▸ PROBLEM:
In the data that follows, find the line with "Poster Coconut (Square)"; transcribe it, every later line up to the one with "Login Page Illustration", and that line as well, exactly and with no others.

Stored items from a collection
__________

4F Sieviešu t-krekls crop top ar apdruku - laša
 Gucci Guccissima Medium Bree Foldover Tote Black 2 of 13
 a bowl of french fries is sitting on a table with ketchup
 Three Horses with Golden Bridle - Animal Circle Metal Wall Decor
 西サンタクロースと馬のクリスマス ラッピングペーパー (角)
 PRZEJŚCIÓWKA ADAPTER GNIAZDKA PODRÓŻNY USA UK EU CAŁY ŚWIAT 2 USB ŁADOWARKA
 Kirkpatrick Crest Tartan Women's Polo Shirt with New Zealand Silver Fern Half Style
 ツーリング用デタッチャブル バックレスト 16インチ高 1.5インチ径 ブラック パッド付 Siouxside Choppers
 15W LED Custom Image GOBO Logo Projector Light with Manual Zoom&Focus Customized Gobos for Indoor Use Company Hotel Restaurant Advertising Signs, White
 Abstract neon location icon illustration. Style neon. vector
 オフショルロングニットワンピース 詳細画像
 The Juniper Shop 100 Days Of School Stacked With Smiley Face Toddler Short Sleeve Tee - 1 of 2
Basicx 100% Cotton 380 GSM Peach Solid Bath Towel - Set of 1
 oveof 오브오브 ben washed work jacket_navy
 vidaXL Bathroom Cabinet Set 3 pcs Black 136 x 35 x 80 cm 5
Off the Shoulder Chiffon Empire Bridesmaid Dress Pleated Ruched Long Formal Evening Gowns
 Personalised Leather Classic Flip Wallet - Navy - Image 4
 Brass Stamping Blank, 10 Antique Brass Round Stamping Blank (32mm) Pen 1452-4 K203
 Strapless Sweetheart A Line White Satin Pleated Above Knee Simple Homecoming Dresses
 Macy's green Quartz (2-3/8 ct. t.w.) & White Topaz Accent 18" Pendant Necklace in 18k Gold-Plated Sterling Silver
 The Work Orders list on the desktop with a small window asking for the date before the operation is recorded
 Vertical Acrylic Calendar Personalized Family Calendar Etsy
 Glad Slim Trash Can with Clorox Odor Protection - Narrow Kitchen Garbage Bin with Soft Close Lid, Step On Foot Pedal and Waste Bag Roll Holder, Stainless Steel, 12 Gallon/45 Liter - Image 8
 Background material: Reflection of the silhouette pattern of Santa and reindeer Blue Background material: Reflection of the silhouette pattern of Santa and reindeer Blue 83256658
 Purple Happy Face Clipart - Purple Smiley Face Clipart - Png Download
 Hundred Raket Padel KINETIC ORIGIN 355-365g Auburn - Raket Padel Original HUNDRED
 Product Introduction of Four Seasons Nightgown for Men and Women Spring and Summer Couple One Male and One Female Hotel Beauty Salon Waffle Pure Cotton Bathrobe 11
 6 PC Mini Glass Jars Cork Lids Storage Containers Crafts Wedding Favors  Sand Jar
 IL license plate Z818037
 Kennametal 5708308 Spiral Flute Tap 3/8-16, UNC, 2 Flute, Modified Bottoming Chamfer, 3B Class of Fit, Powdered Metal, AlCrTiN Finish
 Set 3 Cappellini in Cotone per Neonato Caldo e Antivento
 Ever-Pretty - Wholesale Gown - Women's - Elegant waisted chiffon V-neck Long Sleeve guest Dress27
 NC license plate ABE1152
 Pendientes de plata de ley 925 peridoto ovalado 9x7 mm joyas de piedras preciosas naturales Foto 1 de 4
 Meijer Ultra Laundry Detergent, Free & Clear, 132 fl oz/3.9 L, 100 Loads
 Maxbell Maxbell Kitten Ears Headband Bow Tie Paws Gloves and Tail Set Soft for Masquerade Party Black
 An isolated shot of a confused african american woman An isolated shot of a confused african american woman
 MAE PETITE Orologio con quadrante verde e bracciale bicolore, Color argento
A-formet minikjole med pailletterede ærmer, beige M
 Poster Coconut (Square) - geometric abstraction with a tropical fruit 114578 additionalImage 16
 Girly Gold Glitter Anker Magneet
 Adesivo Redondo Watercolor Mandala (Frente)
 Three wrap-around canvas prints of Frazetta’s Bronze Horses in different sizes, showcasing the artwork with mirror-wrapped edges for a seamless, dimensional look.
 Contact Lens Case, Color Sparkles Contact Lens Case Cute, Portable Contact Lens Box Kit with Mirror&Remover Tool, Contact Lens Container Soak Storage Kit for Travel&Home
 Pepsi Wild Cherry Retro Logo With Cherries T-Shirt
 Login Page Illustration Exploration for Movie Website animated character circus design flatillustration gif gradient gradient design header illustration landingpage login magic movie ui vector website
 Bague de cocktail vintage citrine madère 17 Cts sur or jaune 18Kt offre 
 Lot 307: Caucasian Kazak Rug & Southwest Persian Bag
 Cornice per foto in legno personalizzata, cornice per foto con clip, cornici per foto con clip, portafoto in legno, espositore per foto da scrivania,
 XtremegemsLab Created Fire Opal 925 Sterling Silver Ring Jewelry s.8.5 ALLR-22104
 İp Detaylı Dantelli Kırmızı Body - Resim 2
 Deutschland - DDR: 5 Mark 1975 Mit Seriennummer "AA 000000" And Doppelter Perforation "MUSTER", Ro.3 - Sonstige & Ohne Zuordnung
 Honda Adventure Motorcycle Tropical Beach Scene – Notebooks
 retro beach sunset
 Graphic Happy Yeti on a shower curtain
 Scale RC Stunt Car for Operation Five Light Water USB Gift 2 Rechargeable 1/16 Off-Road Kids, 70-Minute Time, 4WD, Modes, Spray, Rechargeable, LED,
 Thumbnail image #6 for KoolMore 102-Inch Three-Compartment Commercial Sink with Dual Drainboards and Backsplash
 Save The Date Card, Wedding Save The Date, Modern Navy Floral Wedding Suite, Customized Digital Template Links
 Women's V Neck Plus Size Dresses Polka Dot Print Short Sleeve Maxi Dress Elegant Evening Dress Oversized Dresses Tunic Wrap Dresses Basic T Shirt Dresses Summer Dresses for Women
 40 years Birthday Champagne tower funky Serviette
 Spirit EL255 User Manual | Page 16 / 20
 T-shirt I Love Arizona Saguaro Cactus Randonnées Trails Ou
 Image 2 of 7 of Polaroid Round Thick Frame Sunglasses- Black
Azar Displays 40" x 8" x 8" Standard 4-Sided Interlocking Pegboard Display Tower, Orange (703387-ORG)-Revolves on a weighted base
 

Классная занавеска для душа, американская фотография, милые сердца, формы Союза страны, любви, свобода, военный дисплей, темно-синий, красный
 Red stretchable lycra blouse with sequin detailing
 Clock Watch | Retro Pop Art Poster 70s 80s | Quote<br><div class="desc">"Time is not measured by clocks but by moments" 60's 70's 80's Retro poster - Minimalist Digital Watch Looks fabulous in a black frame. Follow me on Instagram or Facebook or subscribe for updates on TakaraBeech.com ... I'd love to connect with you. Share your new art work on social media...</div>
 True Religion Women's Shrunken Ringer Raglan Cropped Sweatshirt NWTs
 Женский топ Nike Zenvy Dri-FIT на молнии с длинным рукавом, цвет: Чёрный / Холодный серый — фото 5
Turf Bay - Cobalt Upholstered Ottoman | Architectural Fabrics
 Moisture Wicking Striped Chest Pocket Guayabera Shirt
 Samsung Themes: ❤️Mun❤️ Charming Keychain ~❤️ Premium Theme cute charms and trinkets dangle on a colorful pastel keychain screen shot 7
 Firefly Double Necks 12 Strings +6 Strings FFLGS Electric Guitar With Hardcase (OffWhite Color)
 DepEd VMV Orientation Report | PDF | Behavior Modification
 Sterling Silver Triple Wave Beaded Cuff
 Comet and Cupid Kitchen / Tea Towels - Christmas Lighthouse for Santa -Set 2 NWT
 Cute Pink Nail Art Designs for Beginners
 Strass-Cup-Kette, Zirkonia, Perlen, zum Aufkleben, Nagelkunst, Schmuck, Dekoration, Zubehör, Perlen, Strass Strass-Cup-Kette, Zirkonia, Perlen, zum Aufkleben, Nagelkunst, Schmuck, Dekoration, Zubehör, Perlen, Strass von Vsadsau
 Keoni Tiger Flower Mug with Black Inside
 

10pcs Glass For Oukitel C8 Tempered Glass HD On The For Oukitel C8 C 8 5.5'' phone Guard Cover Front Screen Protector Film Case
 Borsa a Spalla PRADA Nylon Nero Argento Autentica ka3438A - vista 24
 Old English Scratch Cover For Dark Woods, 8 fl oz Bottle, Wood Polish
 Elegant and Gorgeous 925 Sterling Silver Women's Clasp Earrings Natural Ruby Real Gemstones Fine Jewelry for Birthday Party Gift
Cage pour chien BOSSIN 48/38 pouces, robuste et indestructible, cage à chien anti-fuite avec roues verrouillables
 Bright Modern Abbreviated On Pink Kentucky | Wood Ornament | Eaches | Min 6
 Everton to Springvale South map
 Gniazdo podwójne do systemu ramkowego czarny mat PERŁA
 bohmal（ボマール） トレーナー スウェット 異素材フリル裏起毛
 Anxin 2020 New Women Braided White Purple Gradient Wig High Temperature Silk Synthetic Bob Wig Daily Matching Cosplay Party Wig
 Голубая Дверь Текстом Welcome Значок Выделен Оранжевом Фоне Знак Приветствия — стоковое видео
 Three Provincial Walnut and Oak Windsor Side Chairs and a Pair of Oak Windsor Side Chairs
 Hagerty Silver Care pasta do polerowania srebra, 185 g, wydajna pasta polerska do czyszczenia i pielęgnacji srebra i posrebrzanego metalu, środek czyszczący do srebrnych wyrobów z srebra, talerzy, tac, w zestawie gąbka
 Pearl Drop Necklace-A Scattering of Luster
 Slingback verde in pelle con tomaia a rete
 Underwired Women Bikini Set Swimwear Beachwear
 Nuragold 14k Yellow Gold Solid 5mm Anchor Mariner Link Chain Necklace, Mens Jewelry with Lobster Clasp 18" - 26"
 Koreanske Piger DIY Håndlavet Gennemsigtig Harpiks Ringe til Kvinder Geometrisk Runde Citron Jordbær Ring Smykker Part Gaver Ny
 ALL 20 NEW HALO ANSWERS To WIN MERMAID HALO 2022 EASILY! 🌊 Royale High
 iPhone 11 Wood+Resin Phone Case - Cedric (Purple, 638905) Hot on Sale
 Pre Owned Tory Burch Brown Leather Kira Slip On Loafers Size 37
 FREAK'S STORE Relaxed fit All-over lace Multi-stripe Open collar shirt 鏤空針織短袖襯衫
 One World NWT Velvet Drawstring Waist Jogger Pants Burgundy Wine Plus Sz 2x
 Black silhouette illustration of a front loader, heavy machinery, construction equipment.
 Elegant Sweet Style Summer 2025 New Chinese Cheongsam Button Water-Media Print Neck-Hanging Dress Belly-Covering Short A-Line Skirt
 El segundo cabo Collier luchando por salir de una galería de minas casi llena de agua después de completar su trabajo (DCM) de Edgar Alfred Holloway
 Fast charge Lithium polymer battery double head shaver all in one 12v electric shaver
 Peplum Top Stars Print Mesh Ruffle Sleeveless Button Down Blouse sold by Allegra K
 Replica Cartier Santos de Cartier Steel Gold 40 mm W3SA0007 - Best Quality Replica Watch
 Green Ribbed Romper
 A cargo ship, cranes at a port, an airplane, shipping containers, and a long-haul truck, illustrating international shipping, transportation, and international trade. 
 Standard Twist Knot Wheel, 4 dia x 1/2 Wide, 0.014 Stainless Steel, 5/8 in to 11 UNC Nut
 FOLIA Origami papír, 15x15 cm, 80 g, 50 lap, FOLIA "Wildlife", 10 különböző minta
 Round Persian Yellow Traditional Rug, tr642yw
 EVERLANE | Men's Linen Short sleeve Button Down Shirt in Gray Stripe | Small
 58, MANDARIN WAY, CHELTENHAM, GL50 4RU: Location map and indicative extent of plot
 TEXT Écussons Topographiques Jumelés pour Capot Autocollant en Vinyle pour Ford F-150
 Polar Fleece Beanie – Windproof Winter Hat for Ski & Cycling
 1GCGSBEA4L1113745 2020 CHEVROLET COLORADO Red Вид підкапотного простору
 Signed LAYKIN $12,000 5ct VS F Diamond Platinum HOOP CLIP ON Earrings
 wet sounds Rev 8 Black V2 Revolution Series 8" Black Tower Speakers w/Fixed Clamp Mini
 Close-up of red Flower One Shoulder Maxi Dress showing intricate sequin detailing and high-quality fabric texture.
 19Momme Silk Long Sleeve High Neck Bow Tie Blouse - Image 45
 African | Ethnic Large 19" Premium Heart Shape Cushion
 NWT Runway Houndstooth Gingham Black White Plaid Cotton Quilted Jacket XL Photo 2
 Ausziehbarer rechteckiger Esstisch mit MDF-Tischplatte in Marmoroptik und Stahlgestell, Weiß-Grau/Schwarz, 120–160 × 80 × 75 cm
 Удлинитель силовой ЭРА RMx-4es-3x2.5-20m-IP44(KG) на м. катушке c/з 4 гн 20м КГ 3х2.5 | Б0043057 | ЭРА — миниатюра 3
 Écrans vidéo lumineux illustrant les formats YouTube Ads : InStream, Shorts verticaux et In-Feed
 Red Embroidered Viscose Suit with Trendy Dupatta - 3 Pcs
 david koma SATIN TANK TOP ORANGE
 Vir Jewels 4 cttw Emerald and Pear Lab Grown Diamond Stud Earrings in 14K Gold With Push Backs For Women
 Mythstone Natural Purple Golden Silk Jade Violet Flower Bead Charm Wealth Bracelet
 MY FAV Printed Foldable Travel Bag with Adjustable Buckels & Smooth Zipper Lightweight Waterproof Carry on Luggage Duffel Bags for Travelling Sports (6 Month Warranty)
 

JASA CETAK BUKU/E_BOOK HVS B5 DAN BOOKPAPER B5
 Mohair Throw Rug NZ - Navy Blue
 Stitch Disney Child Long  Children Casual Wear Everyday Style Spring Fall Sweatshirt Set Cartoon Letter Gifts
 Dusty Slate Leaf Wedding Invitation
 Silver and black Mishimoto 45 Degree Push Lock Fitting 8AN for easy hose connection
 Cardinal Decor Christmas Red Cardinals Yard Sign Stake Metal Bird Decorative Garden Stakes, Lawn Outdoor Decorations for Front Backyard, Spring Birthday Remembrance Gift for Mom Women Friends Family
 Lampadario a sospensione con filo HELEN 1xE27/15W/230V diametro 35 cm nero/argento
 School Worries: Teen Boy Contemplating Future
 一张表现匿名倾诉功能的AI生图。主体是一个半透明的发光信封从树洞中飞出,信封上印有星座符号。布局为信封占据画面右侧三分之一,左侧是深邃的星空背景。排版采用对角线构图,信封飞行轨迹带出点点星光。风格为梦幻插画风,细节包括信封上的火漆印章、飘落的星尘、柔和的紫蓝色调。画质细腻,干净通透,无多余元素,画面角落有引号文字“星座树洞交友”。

__________

▸ RESULT:
 Poster Coconut (Square) - geometric abstraction with a tropical fruit 114578 additionalImage 16
 Girly Gold Glitter Anker Magneet
 Adesivo Redondo Watercolor Mandala (Frente)
 Three wrap-around canvas prints of Frazetta’s Bronze Horses in different sizes, showcasing the artwork with mirror-wrapped edges for a seamless, dimensional look.
 Contact Lens Case, Color Sparkles Contact Lens Case Cute, Portable Contact Lens Box Kit with Mirror&Remover Tool, Contact Lens Container Soak Storage Kit for Travel&Home
 Pepsi Wild Cherry Retro Logo With Cherries T-Shirt
 Login Page Illustration Exploration for Movie Website animated character circus design flatillustration gif gradient gradient design header illustration landingpage login magic movie ui vector website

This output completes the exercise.